Inicialmente se tocaba de pie, sosteniéndose el arco con la palma de la mano hacia arriba. A lo largo de mediados y segunda mitad del XVIII la mano va agarrando el arco más hacia su extremo, y se impone su ejecución sedente, con el instrumento entre las piernas. A partir de inicios del XIX se va difundiendo el uso del Puntal que fija el instrumento al suelo y ofrece más seguridad y resonancia. Esta evolución afectó igualmente al propio instrumento, que creció algo en volumen, mientras la mayor inclinación del clavijero respecto a la tabla de resonancia desembocó en una mayor tensión de las cuerdas, y por consiguiente, en más volumen, más brillantez y cierta pérdida de armónicos.

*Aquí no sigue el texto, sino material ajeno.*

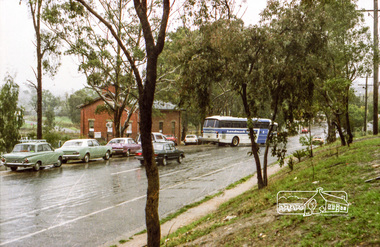 Photograph, Hurstbridge Coaches depot and Hurstbridge rail station, Heidelberg-Kinglake Road, Hurstbridge, c.1980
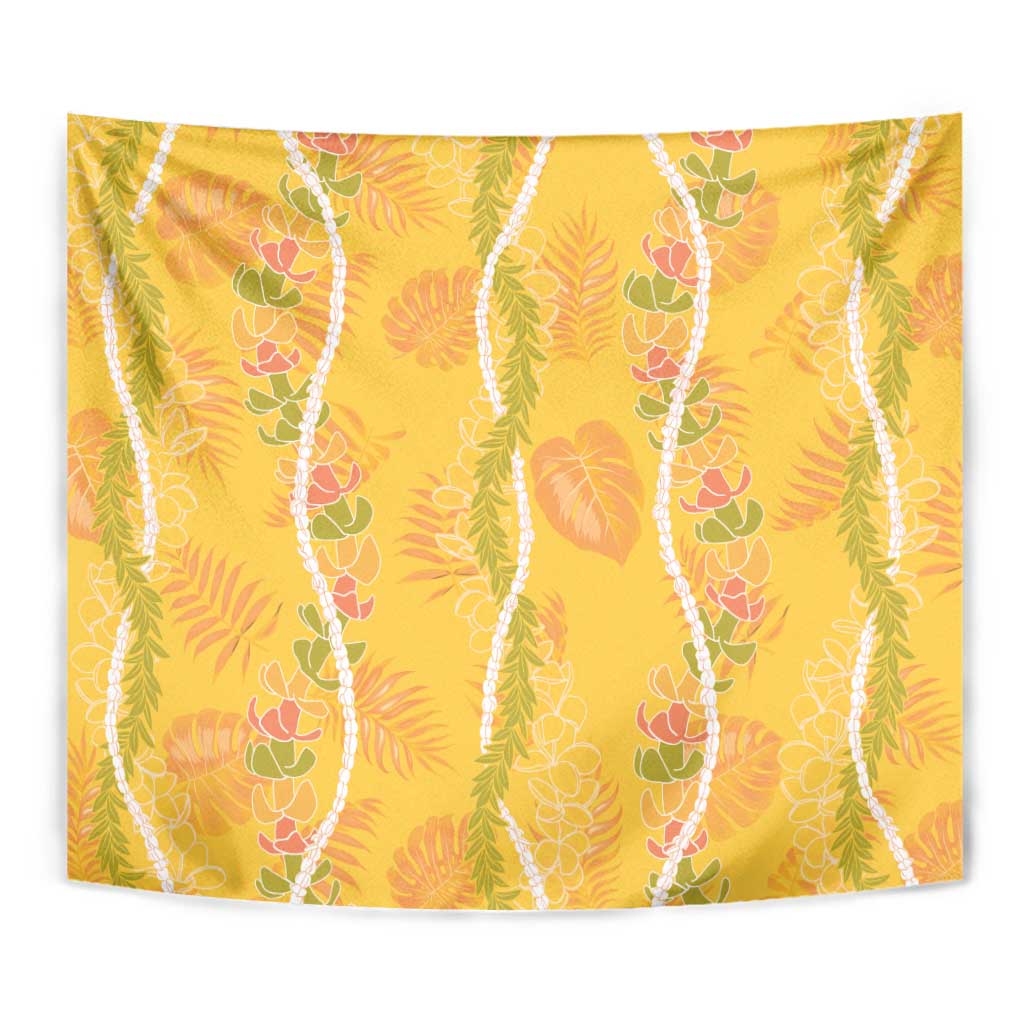 Hawaii Maile Lei Tapestry With Yellow Monstera Pattern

El violonchelo aparece definitivamente instalado como el segundo instrumento de cuerda en una formación sinfónica -en la actualidad, una orquesta puede contar con una sección de cellos de entre 10 o doce instrumentos-, mientras consolida su papel como relevante instrumento camerístico, tanto dentro del tradicional trío o cuarteto, como en las más diversas posibilidades instrumentales. La producción concertística aumenta en el siglo XIX, que deja alguna de las muestras más paradigmáticas del género, e incluso se expande aún más en el siglo XX, con nuevas creaciones de todo tipo, algunas escritas especialmente para solistas tan relevantes como el español Pau Casals o el ruso Mtislav Rostropovich, de los cuales hemos hablado ya antes.